Memorandum by the Association of Unit
Trusts and Investment Funds (AUTIF)
FSA's accountability to Parliament
and public needs to be strengthened.
Treasury Select Committee should
review FSA Annual Report and present findings to House of Commons
FSA should consult on all significant
policy initiatives, not just rule changes.
FSA should also hold public hearings
on important policy proposals.
FSA needs to promote a culture of
mutual trust between regulator and regulated. Discipline should
be the exception, not the norm.
Role of proposed Enforcement Committee
should be enshrined in Bill.
Bill should require FSA to delay
publicising disciplinary action against a firm until any parallel
investigations into the firm's employees have been completed.
Enforcement Committee should exercise
independent oversight of cost and timescale of disciplinary proceedings.
There is also a need for independent
scrutiny of the FSA's use of fines.
Both Enforcement Committee and Tribunal
should be able to award costs against FSA.
Statutory immunity of FSA staff from
civil suit should be removed.
Early publication of missing provisions
relating to collective investment schemes is essential.
1. The Association of Unit Trusts and Investment
Funds welcomes the opportunity to comment on the issues identified
by the Joint Committee. Our main concerns are set out below.
2. The FSA will be independent of both Government
and industry. Although accountable to the Treasury, the link is,
by design, very weak. There is thus an accountability deficit
which is best mitigated by increased, and statutory, openness
and consultation requirements.
3. The draft Bill gives the FSA extremely wide
ranging powers, especially in the area of enforcement and discipline.
Whilst these powers are designed to make the FSA an effective
regulator, it is essential that they are balanced by a robust
framework of accountability.
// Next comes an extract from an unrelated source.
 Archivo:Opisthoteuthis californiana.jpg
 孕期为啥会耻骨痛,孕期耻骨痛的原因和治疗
We therefore welcome the recent announcement
by the Economic Secretary, Patricia Hewitt, of further measures
to strengthen the FSA's accountability.
4. However, the provisions of the draft Bill
largely focus on accountability to Treasury ministers. We believe
there is a pressing need to improve the FSA's accountability to
Parliament and the public. The best way to achieve Parliamentary
accountability would be to ask a Committee of the Houseprobably
the Treasury Select Committeeto review the FSA's Annual
Report, in order to assess how well the FSA is performing in meeting
its statutory objectives. The House of Commons should then have
an opportunity to debate the Committee's findings. We believe
that this would be a far more effective discipline on the FSA's
activities than the procedure currently envisaged by the Treasury,
whereby the FSA's Annual Report will simply be laid before Parliament
without debate. We are aware that the FSA will be required to
hold an annual public meeting, but we doubt whether this will
be as effective in maintaining accountability as a debate in the
House of Commons.
5. The draft Bill requires the FSA to carry
out public consultation whenever it proposes to change its rules.
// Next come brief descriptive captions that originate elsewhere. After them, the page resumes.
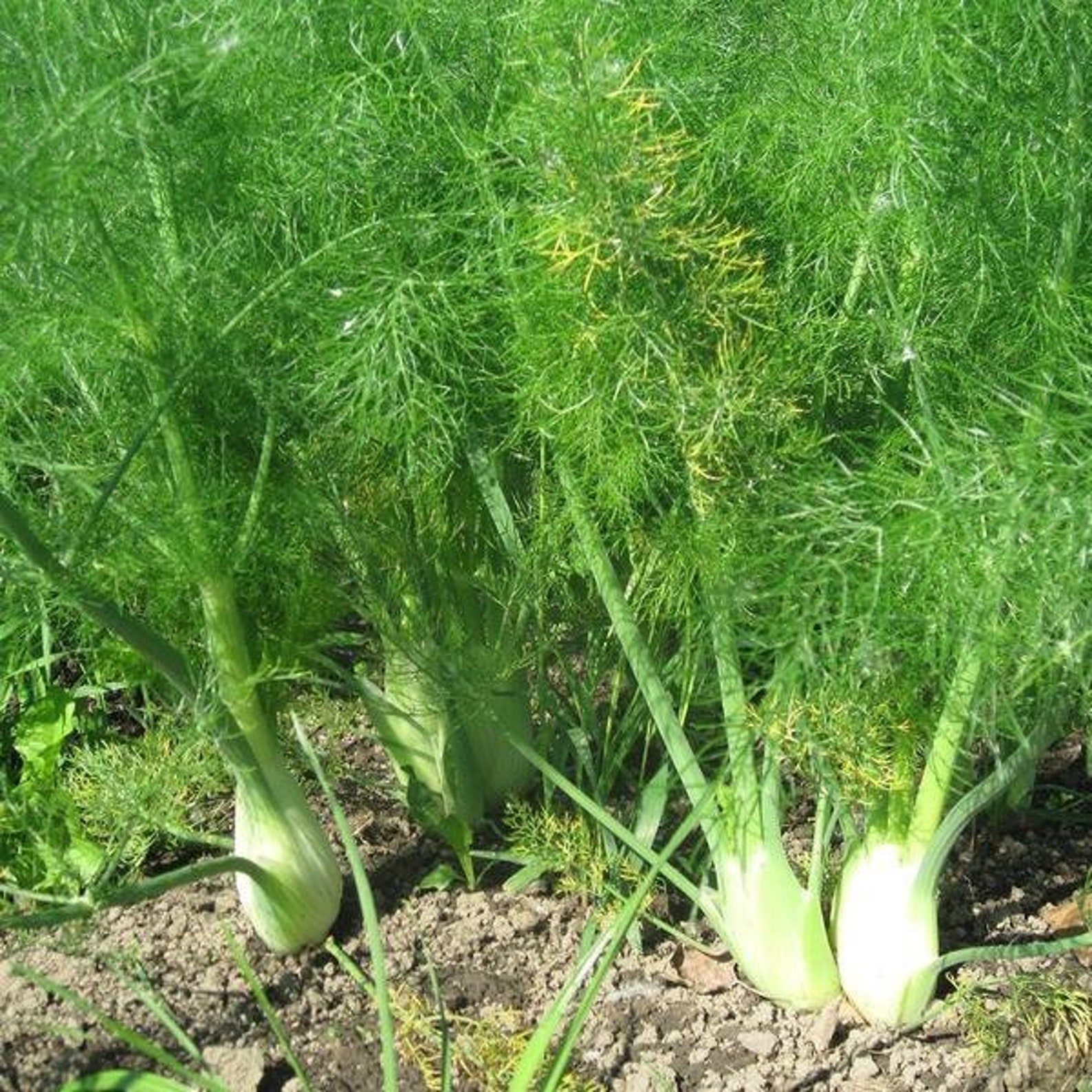 Florence Fennel Seeds 40 Seeds in Frozen Seed Capsules™ for Seed Saving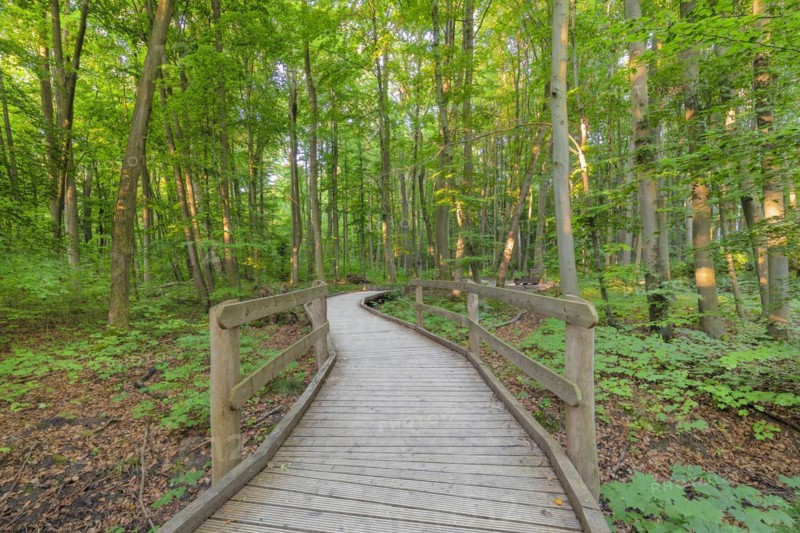 Beech forest in Hainich National Park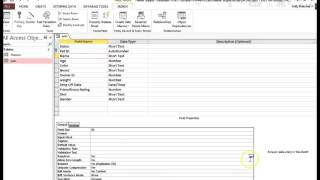 Access Required Field [upl. by Anneehs]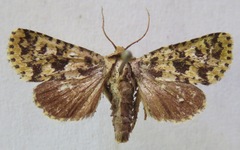 Hadena psittacus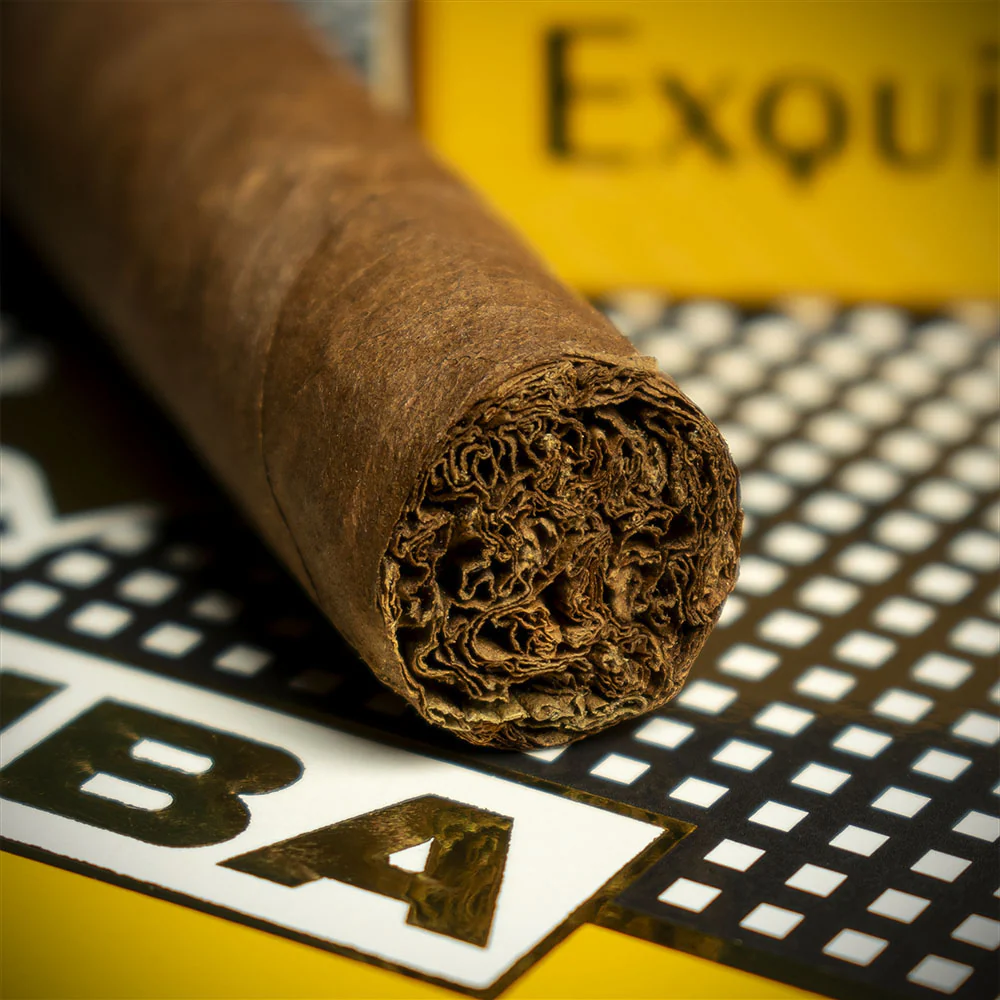 Cohiba Exquisitos Cuban Cigars - Pack of 5 - Image 5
We think that the Authority should also be required to consult
on all policy initiatives affecting one or more sections of the
regulated community, even where they do not involve rule changes.
This would be in line with the Inland Revenue's formal practice
of consulting "wherever it is practicable to do so".
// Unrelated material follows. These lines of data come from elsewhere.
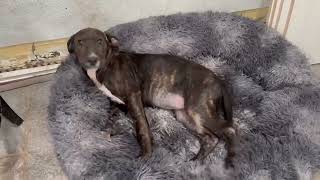 Video preview image #1 Plott Hound-Unknown Mix Puppy For Sale in Germantown, OH, USA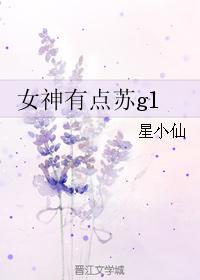 2017最新gl小说,探索未知领域，2017最新GL小说探索之旅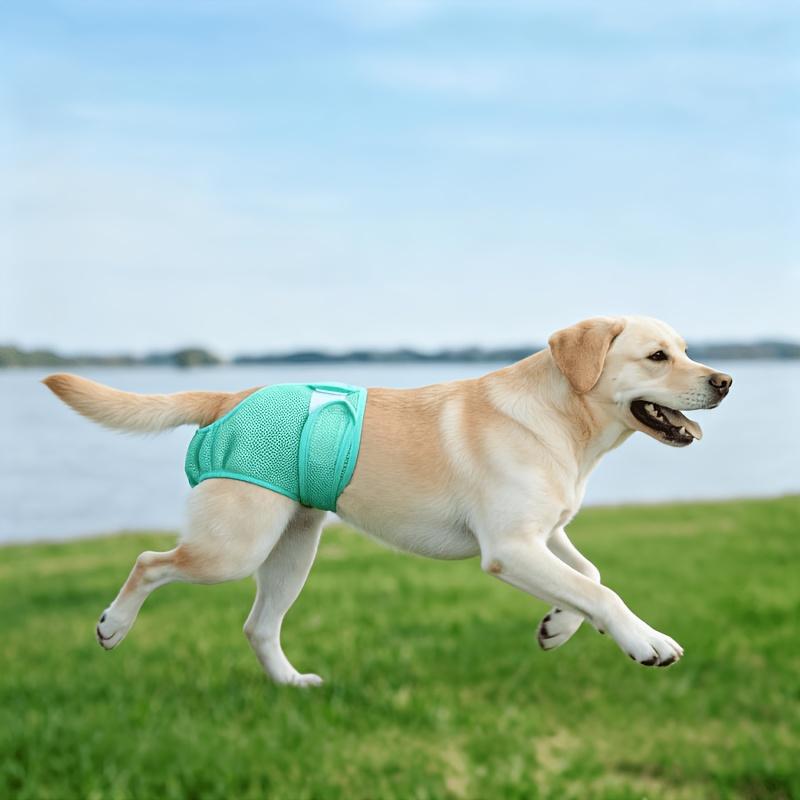 New Pet Female Dog Period Pants in 5 Colors, Comfortable, Leak-proof, and Breathable. Anti-harassment Modesty Pants, Reusable Dog Menstrual Pants, Dog Diapers. Suitable for Small, Medium, and Large Dogs. for All Seasons
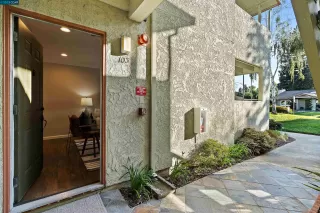 Photo #2: 41039270 Listing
6. It would also be desirable for the FSA to
publish a summary of responses to consultation, with individual
responses available for scrutiny, except where respondents specifically
7. Finally, we believe that the FSA should be
willing to learn from the practices of overseas regulators in
this area. It would improve the openness and transparency of the
policy making process if the FSA were to adopt the practice of
the US Federal Reserve and Securities and Exchanges Commission
of holding public hearings on important policy proposals. This
would have the incidental benefit of helping the FSA to raise
its public profile, and thus to meet its consumer education objective.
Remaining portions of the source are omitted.